Sheldon reached out to the city mayor's office about the documentary, and was introduced to Rader, Keller and others. She and her husband subsequently rode along with the Fire Department for about 20 days over a period of six months. Rader later told Roll Call she was concerned with members of her department suffering from post traumatic stress disorder as its members see 40 or more dead bodies a year, including friends and classmates. She also said she wanted to highlight the estimated $100 million impact opioids had on Cabell County's economy, as her department responds to five to seven overdoses a day. Though Rader, Sheldon was introduced to a number of people who experience the opioid epidemic every day, and settled on the three women featured in the documentary because they often work with the same people at different parts of their lives.

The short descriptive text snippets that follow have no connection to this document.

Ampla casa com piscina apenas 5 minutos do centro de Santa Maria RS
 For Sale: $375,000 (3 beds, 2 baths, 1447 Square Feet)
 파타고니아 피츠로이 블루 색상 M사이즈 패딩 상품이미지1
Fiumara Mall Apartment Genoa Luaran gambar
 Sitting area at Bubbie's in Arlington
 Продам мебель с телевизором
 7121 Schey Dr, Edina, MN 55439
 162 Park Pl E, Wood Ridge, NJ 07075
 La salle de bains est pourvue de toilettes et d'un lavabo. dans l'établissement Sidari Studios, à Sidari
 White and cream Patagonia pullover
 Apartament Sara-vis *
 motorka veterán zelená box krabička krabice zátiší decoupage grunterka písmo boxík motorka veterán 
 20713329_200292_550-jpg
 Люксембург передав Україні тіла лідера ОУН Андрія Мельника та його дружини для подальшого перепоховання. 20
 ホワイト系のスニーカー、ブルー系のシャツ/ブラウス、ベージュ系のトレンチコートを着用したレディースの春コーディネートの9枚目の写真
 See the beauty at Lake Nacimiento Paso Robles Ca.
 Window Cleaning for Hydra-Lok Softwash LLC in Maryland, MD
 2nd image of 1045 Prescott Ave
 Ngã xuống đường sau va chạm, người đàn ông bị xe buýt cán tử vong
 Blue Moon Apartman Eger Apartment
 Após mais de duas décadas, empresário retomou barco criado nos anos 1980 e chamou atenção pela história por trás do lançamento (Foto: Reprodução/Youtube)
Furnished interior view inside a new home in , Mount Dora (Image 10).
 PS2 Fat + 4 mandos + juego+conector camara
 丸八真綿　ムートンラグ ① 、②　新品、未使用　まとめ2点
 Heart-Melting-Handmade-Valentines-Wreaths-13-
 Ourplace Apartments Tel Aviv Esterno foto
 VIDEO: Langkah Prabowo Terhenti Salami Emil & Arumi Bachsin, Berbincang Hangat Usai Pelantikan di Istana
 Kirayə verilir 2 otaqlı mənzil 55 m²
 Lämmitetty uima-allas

After filming, the couple approached Netflix which helped them craft the story in editing and post-production. The film's short length helps it as an educational tool, Sheldon said, because community screenings can dedicate an hour to the film — 39 minutes watching it and 20 minutes having a discussion about its contents. The creators built a field guide for screenings so it could be viewed in prisons, rehabilitation centers, and medical schools.

The film debuted at the August 2017 Telluride Film Festival. Netflix released it for streaming the next month. Screenings of the film have followed around the country, particularly in communities impacted by opioid addition.

==Reception==
Heroin(e) has an approval rating of 100% on review aggregator website Rotten Tomatoes, based on 10 reviews, and an average rating of 8.25/10.

The film was praised for its tone. Forbes called it an "optimistic counter-narrative" that focuses on an alternative to harsh or judgmental approaches to understanding the impacts of opioids. Forbes said it makes "a powerful case for compassion and for second, third, fourth and 10th chances," though not exploring their causes as deeply as other works such as JD Vance's Hillbilly Elegy. The Clarion-Ledger wrote that its "gritty" approach allowed the viewer to understand the daily lives of people trying to help those affected by addiction. The New York Times considered it a front-runner for an Oscar because it "addresses an issue in the news — the opioid epidemic — with present-tense reportage and an eye toward putting human faces on the crisis."

Huntington residents interviewed about the film were generally supportive of its contents, noting that it highlights the compassion of people in the community helping others.

Rader attended the 2018 State of the Union Address as a guest of Senator Joe Manchin and during the trip spoke to lawmakers about the opioid epidemic, which has had a substantial impact on Huntington's economy.